Most large carriers belong to the BBB National Programs as a lower cost way of mitigating advertising disputes than lawsuits. ISPS agree to go along with the rulings issued by the group as a condition of joining. However, in this case, T-Mobile is appealing the decision. The news wasn’t all bad for T-Mobile since it was ruled that T-Mobile could continue to advertise that the price of FWA is ‘locked-in” since the company hasn’t raised its rates.
Anybody who has looked closely at the performance of FWA wireless from T-Mobile or Verizon would agree with this ruling. The main reason for the ruling is that the performance of FWA can vary widely. It’s a broadband product that connects to customers from a cell site, and the distance between a customer and the cell site makes a big difference in the speed being delivered. I talked to one customer located near to a T-Mobile tower who was consistently getting over 200 Mbps download and was really pleased with the product. But in this same community, customers only a mile or so away from that same cell tower were getting speeds closer to 50-100 Mbps and were not as happy with the product. A mile further away and speeds were not good at all, and I talked to a farmer who sent the receiver back. In a rural area, a mile isn’t very far, and unless there are a lot of towers, most folks are not getting the advertised fast speeds.
The one consistent feedback I’ve gotten in talking to FWA customers is that speeds vary. This is true for all cellular broadband, and cell phone customers are used to seeing a different number of bars of broadband speed over time from the same location such as home or the office. Cellular data speeds vary for a wide variety of reasons like temperature and weather.
But the biggest reason for the variability is the overall volume of data being demanded from a given cell site at a given moment. Like most broadband products, cellular broadband is a shared data product where the broadband is divvied up among the users at any given time. But unlike landline broadband networks, a cellular company cannot control the number of users at a cell site.
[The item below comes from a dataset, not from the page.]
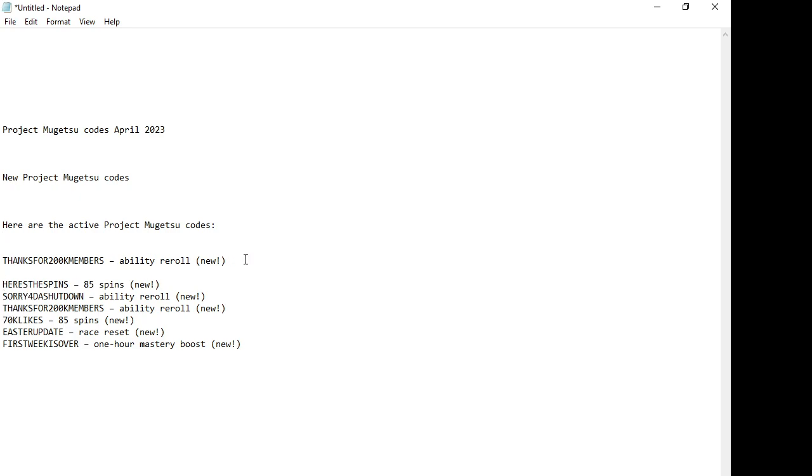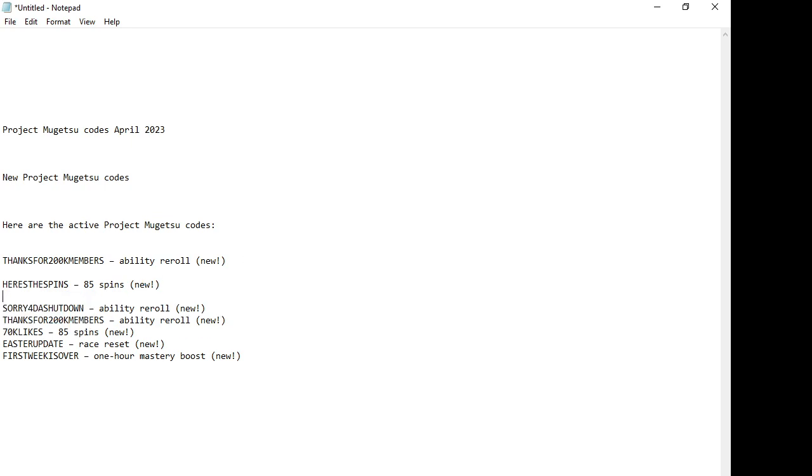Then the second one is H-E-R-E-S-T-H-E-S-P-I-N-S - 55 spins. This is again a new April code for 2023. Then we have Story4Dash.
Since cell phones are mobile, there is no telling how many people might be demanding a cellular data connection at any given time.
FWA has one more limitation in that the cellular carriers have elected to give first priority to cell phones over FWA customers. This means that when a cell site gets busy, the carrier will choke the delivered data speeds to FWA customers in order to deliver the most speed possible to cellular customers. This makes sense since each big T-Mobile and Verizon have roughly 100 million cellular customers compared to a few million FWA customers. They do not want to make cellular customers unhappy with broadband speeds, and so they throttle FWA when a cell site gets busy.
T-Mobile doesn’t hide this, and the throttling is discussed in the fine print when the product is advertised. But that throttling is part of the reason that T-Mobile can’t describe it’s product as reliable – because at busy times it isn’t.
The big selling point for FWA is the low price and I’m sure the price is what attracted urban customers. The speeds are going to be liked in rural areas where there are no alternatives, but there is definitely a severe distance limitation – in a rural area a 50 Mbps connection might be a big leap up in performance. But the FWA product is a lot slower than cable company broadband. Households who are heavy broadband users might not like the slower speeds and the variability. This ruling is telling T-Mobile that it can’t advertise in a way that makes FWA sound like an equivalent alternative to cable or fiber broadband, because it isn’t. It’s going to be interesting to see how T-Mobile adjusts it’s advertising after this ruling.